RECORDS TO USE —
++++

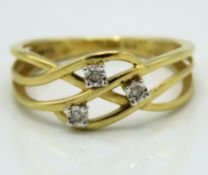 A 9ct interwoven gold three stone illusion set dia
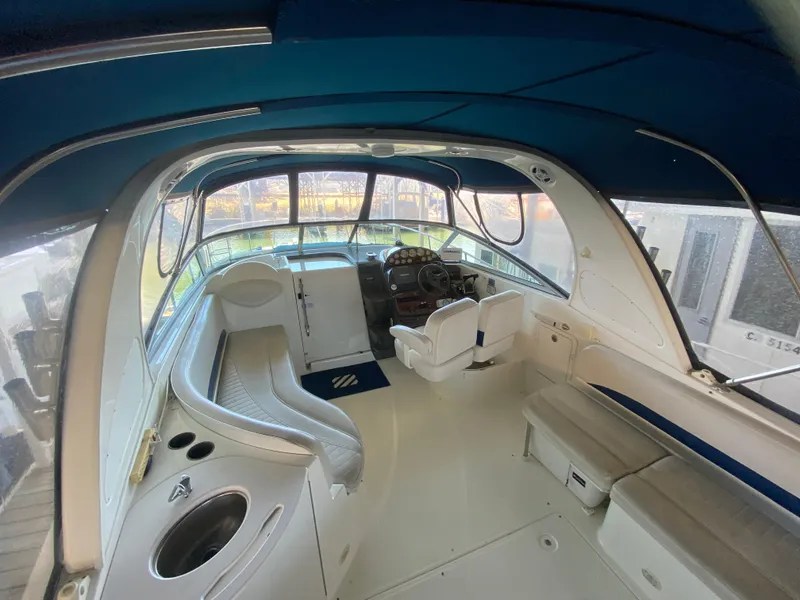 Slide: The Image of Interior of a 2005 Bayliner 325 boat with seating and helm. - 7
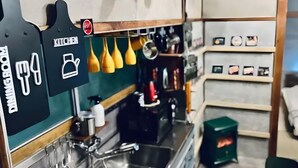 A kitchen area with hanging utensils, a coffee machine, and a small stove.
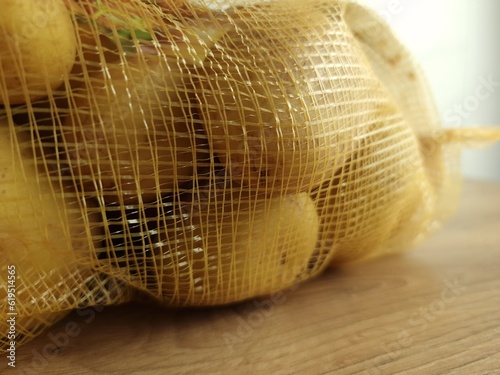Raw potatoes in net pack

++++

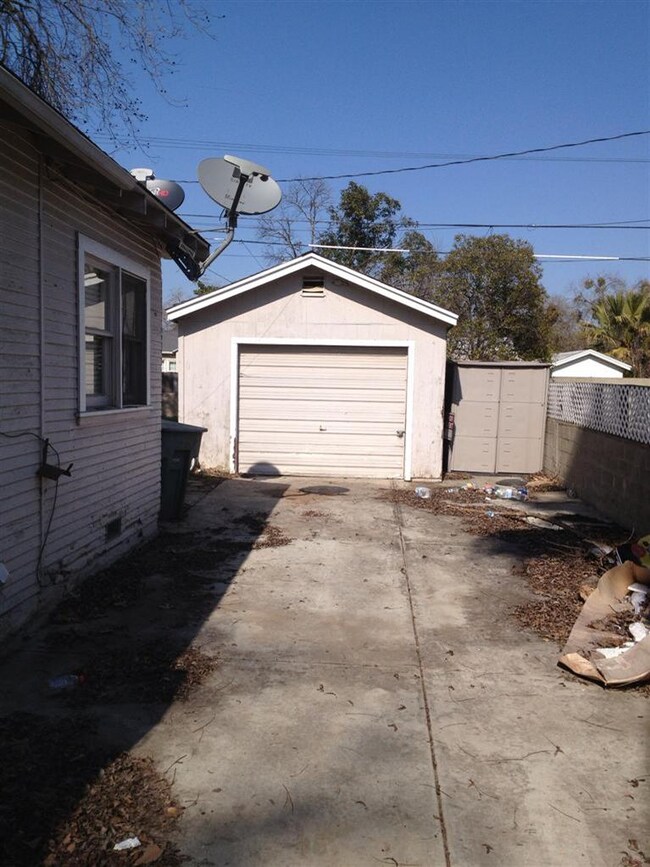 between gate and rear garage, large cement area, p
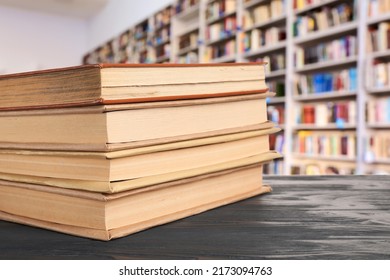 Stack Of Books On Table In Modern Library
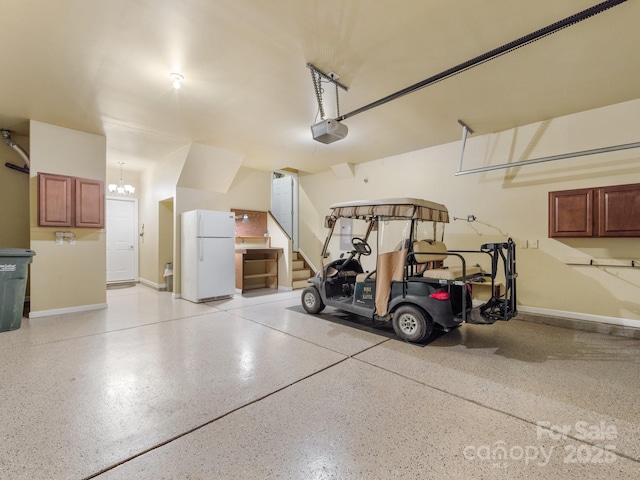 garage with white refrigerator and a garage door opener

++++

ASSIGNMENT — Within the data above, repeat exactly the lines from the one bearing "Stack Of Books On Table In Modern Library" through the one bearing "garage with white". Include no pictures and nothing else.

SOLVED EXERCISE —
 Stack Of Books On Table In Modern Library
 garage with white refrigerator and a garage door opener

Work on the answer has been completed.